Wednesday, 27 June 2012

Socio-emotional support of apprentices during the school-to-work transition

Karin Du Plessis and Tim Corney,(Incolink, Melbourne, Australia) and Robyn Broadbent and Theo Papadopoulos (Victoria University, Melbourne, Australia) published in Education + Training Volume 54 Issue 5 (2012)


The aim of the paper is to locate the role of social and emotional support during the school-to-work transitions of apprentices, within the Australian vocational education and training context.
The research reported here is based on an independent evaluation of an apprentice suicide prevention and support program. This program has been implemented in rural and regional Australia, and findings highlight the program’s retention of key messages in the long-term (i.e. 6 months to 2 years post-completion). The work is based on both quantitative questionnaires from 119 apprentices as well as 18 face-to-face interviews.
The research showed that apprentices’ resilience to face school-to-work transitional challenges can be enhanced by increasing knowledge of suicide risk factors and sources of social and emotional support had increased. Findings indicate that a number of apprentices had made significant changes in their lives as a result of participating in the program.
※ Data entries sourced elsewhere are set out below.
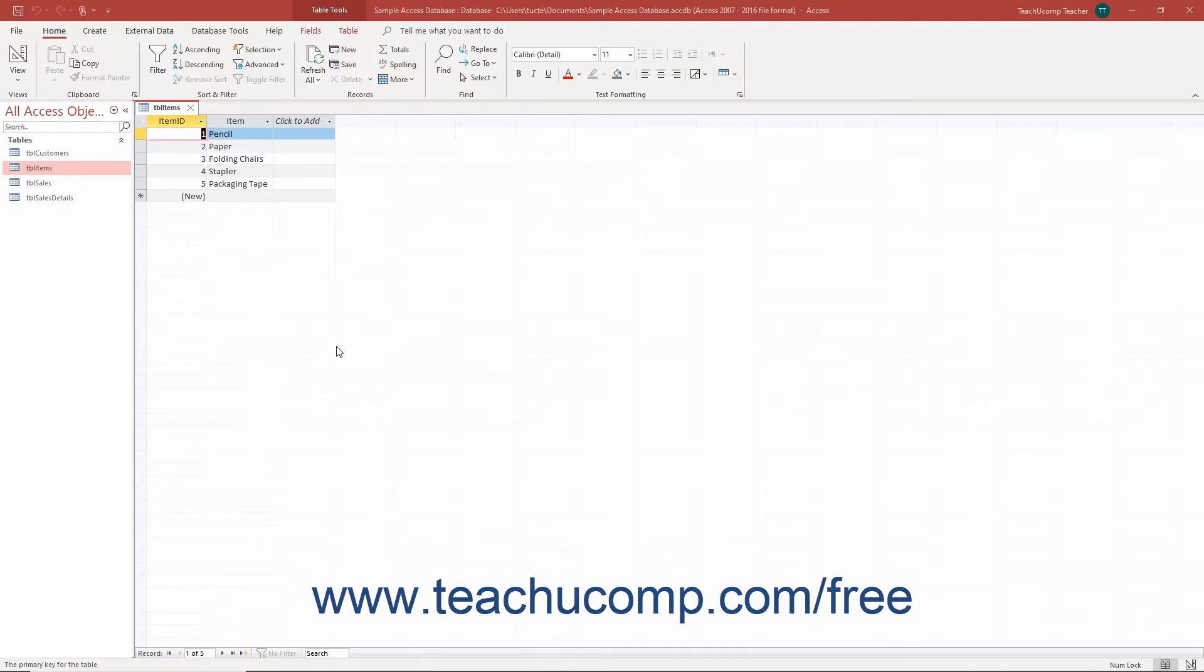In datasheet view, you will see a blank row that shows an asterisk in the row selector box at its left end. That is the new record row.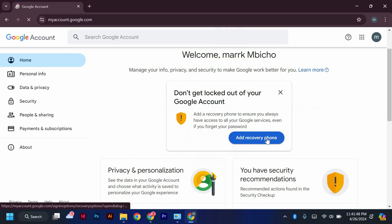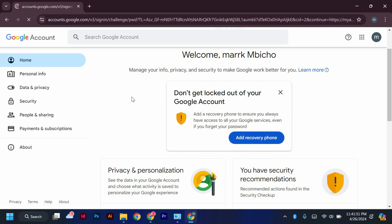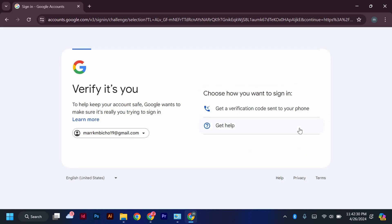You will see the option to add a recovery phone, just click on it. Instead of selecting the phone number option, click on the email. This will take you to a different verification method that doesn't require a phone number.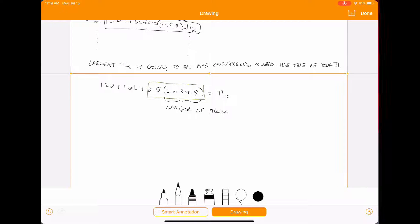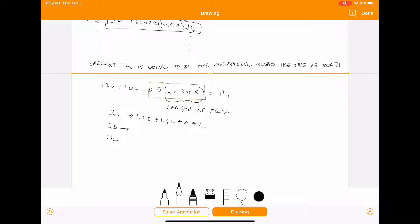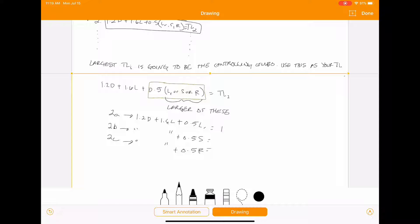Alternatively, you can do a 2A, 2B, and 2C equation, where 2A is 1.2D plus 1.6L plus 0.5L_R, 2B has the same first part plus 0.5S, and 2C has that same first part plus 0.5R. This gives you a total load for 2A, total load 2B, and total load 2C.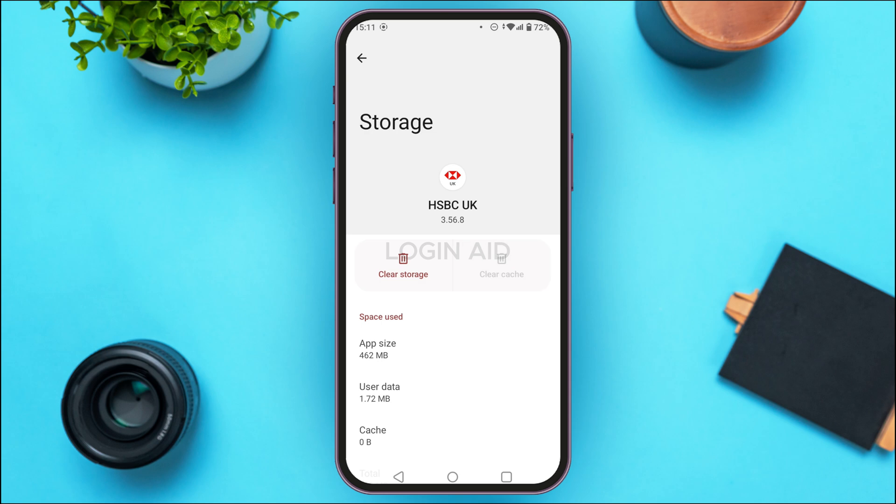The cache has now been cleared and your application should start working. If your application still does not work, it might be a problem with the device. In that case, restart the device by long pressing the power button.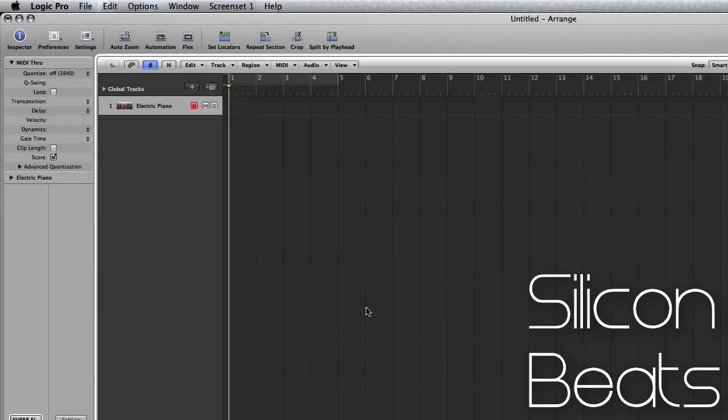Thanks for visiting us again here at Silicon Beats. Today we're going to look at Logic Pro's Chord Memorizer. If you're not familiar with this device, it's essentially a processor that attempts to simplify chord playing by allowing you to strike one note to trigger an entire chord.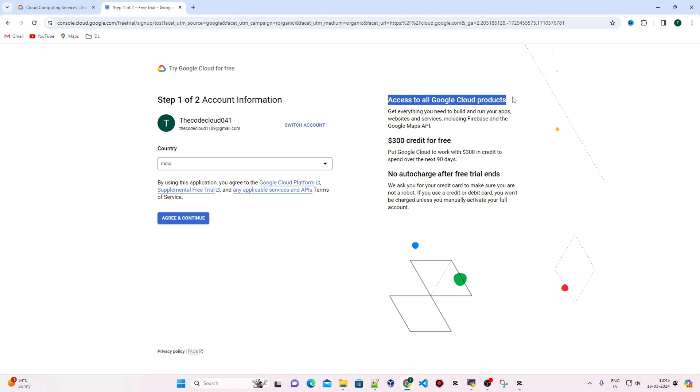There would be no additional charges after the trial expires. If you want to read the terms and conditions, you can review them and click Agree and Continue.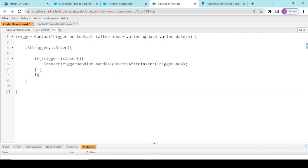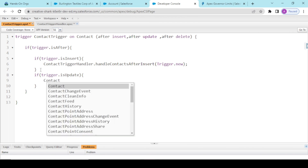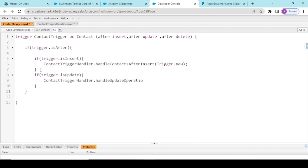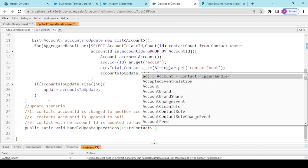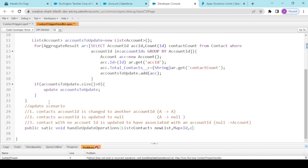If trigger dot is update, we call contact trigger handler dot handle update operations, passing trigger dot new and trigger dot old map, because that is how we can check for the account-to-account scenario and account-to-null scenario with the help of the old map. In the handle update operations method, let us create a list of contacts as new list and a map of ID with contact as old map.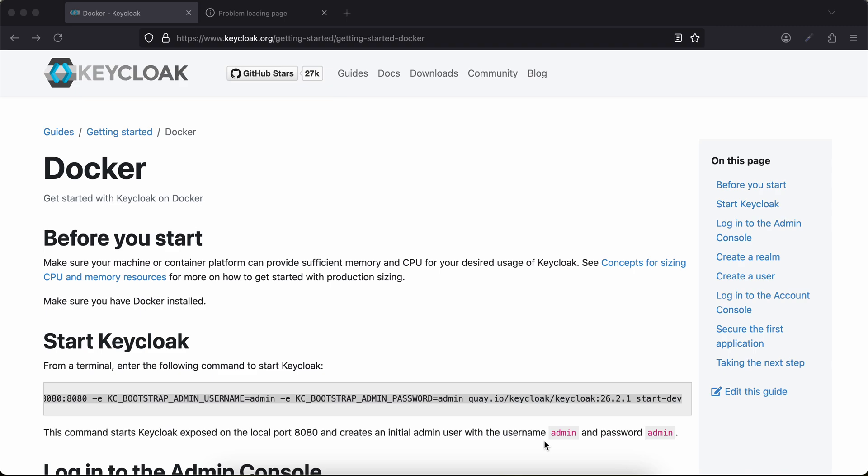Hello everyone, welcome back to the next video. In this video I will show you how to add a user using admin REST API in Keycloak. So let's get started. I already have a Keycloak instance running on my local setup using Docker.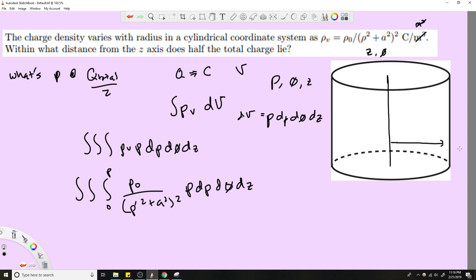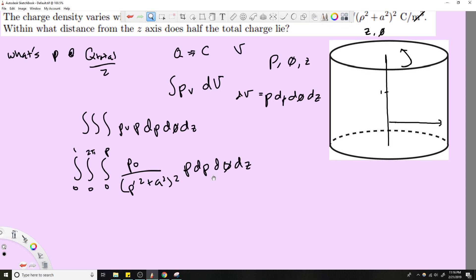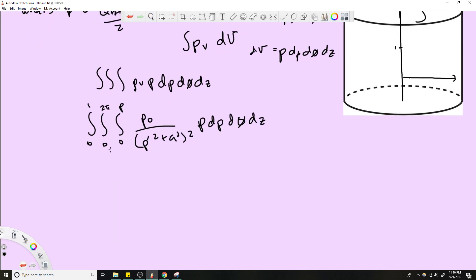For φ we go fully around the circle: 0 to 2π. For z we just choose 0 to 1, since z doesn't appear in the function and it won't affect the result. This whole integral gives us Q as a function of ρ.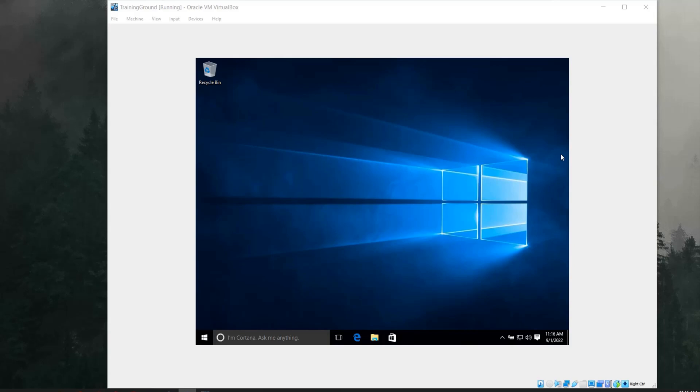Hello there! Probably you have already installed and configured your Oracle VirtualBox and you are now struggling to make it full screen.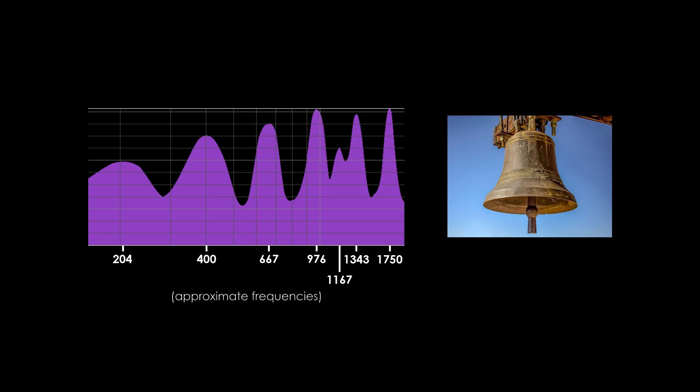Strangely, bells and some other tonal percussions produce inharmonic components, that is, frequencies that are not multiples of the fundamental. This is due to the shape of such instruments and the dispersion of bending waves, but that is a more advanced topic that I will not go over in this video.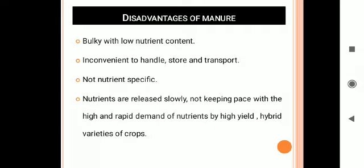The disadvantages of manure are: manures are bulky materials and therefore difficult to store and transport; they can supply nutrients only to a limited extent; they are not nutrient-specific — for example, if a plant needs nitrogen, manure cannot provide it specifically; and nutrients are released slowly, which does not keep pace with the high and rapid demand of high-yield hybrid crop varieties.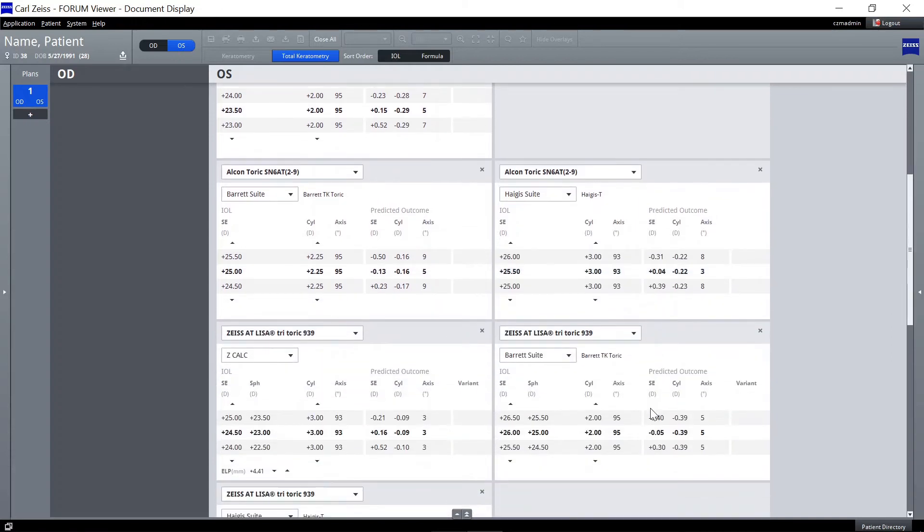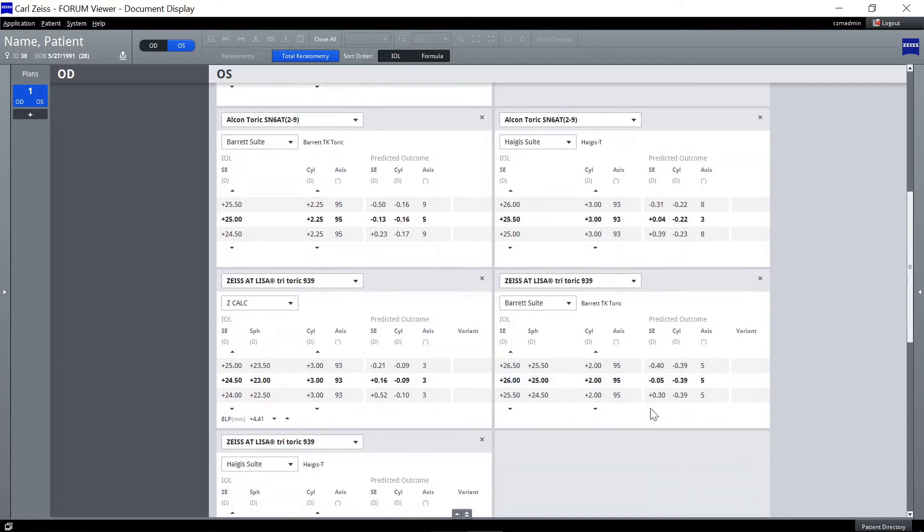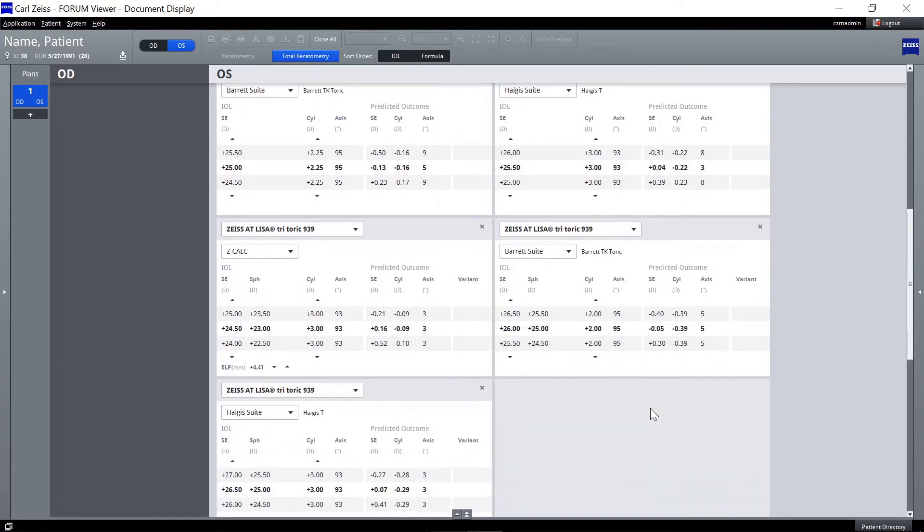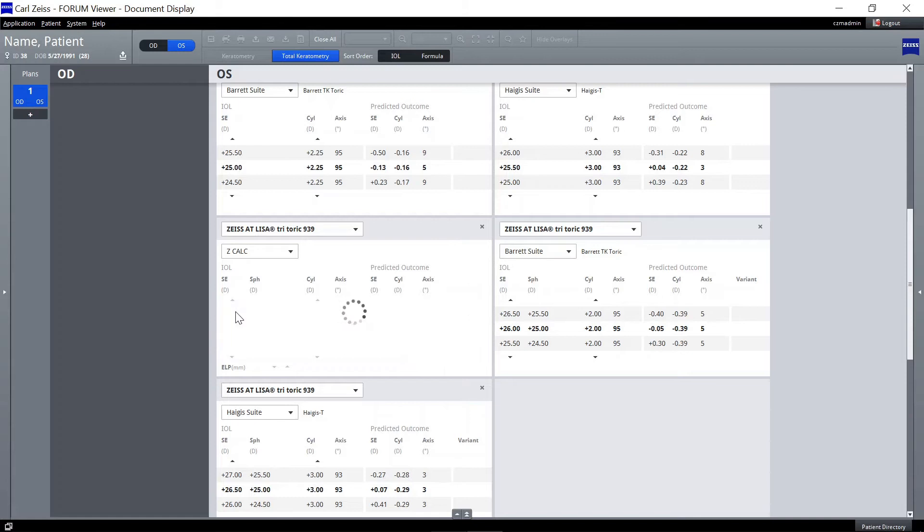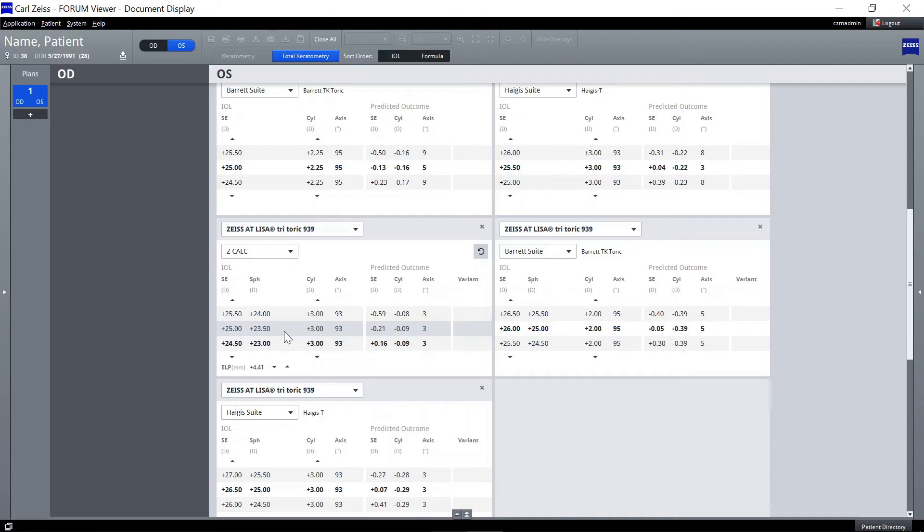If needed, adjust the power of the IOL by clicking on the arrows above and below the respective column. To select the final lens for surgery, click on the IOL.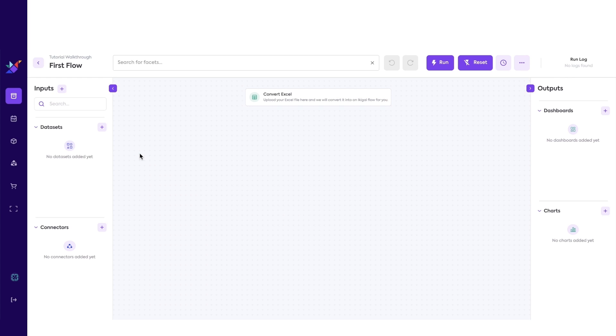This is what the flow canvas looks like. Let's start off by uploading a CSV or Excel. If you don't have one on hand, we have a link down below for you to download the example dataset we are working with today.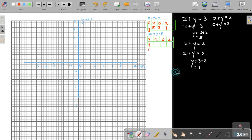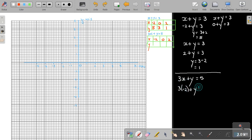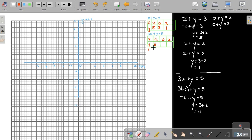Now I do the same for the second equation, 3x plus y equals 5. Starting with x equals negative 2: 3 times negative 2 plus y equals 5, so negative 6 plus y equals 5, so y equals 11. Then for x equals 0, that term cancels out, so y equals 5. Then for x equals 2: 6 plus y equals 5, so y equals 5 minus 6, which equals negative 1.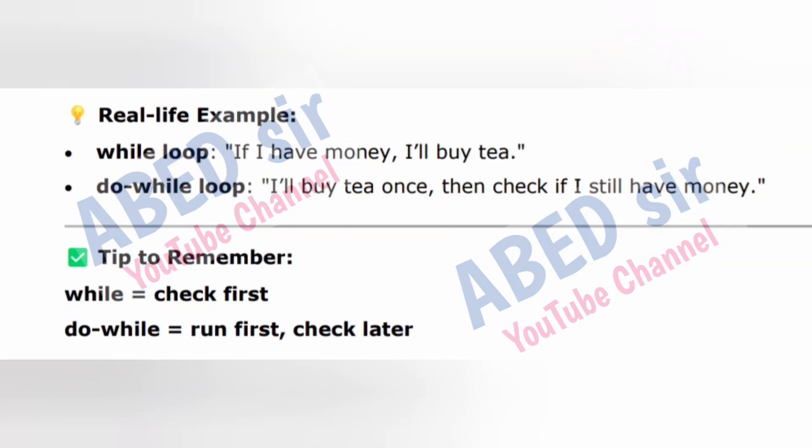Real life example: while loop — if I have money, I'll buy tea. Do-while loop — I'll buy tea once, then check if I still have money. Tip to remember: while = check first; do-while = run first, check later.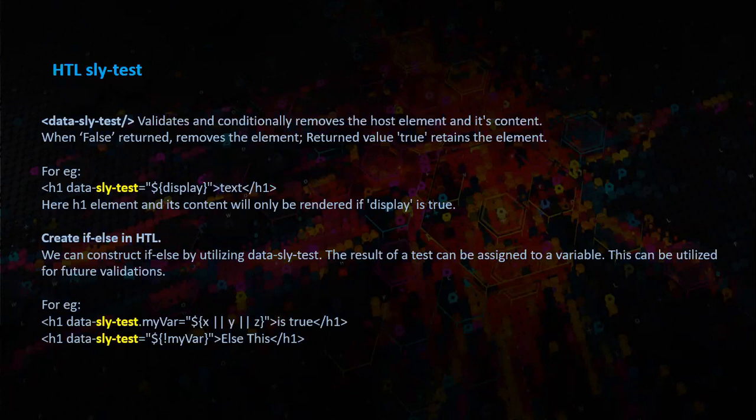In the second case, it checks for myVar and negates it, and based on the condition, it prints else this.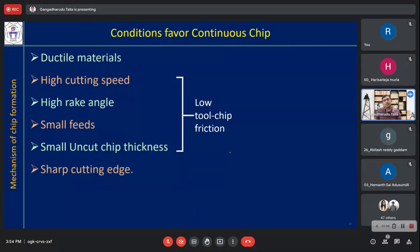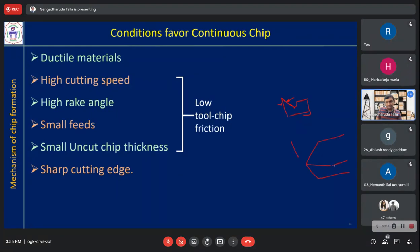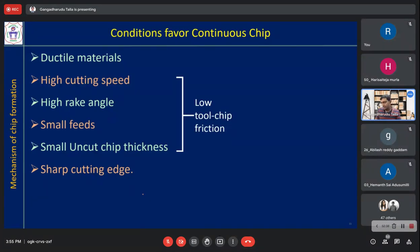Sharp cutting edge is another condition for continuous chip. If the rake angle is high, the cutting edge becomes sharp with a smaller lip angle. A sharp cutting edge means the cutting action is easy and smooth, requiring less force, so the chip forms continuously. These are the conditions under which continuous chip is formed.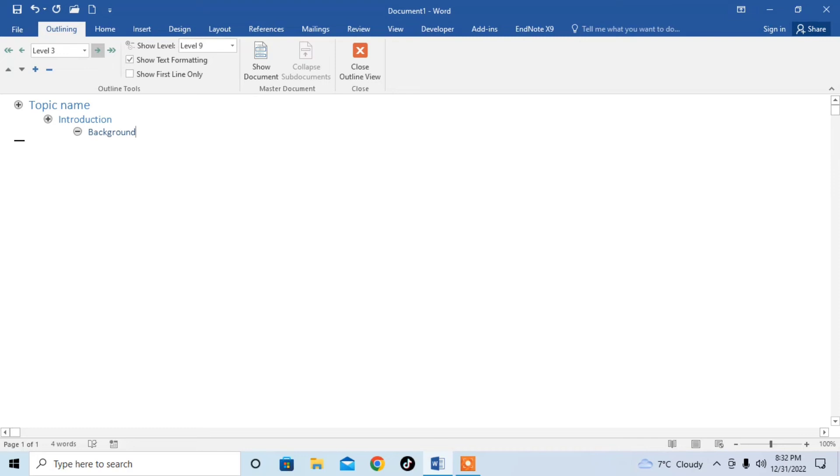So this is how you can create outlines of any topic in Microsoft Word.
While 10 per cent of apprentices identify as “socially isolated”, it was encouraging to note that peer support, as a result of the program, can be considered an informal referral point to formal help-provision and support.
Research limitations/implications
While the program has been successfully applied to building and construction industry apprentices, there is overlap in school-to-work transition issues of other types of apprenticeships/traineeships; this merits consideration of wider application of apprentice support programs within the Australian vocational education sector.
This paper draws together a focus on school-to-work vulnerabilities and social-emotional support (similar to that found in youth development programs) as it can be applied to the vocational education and training sector.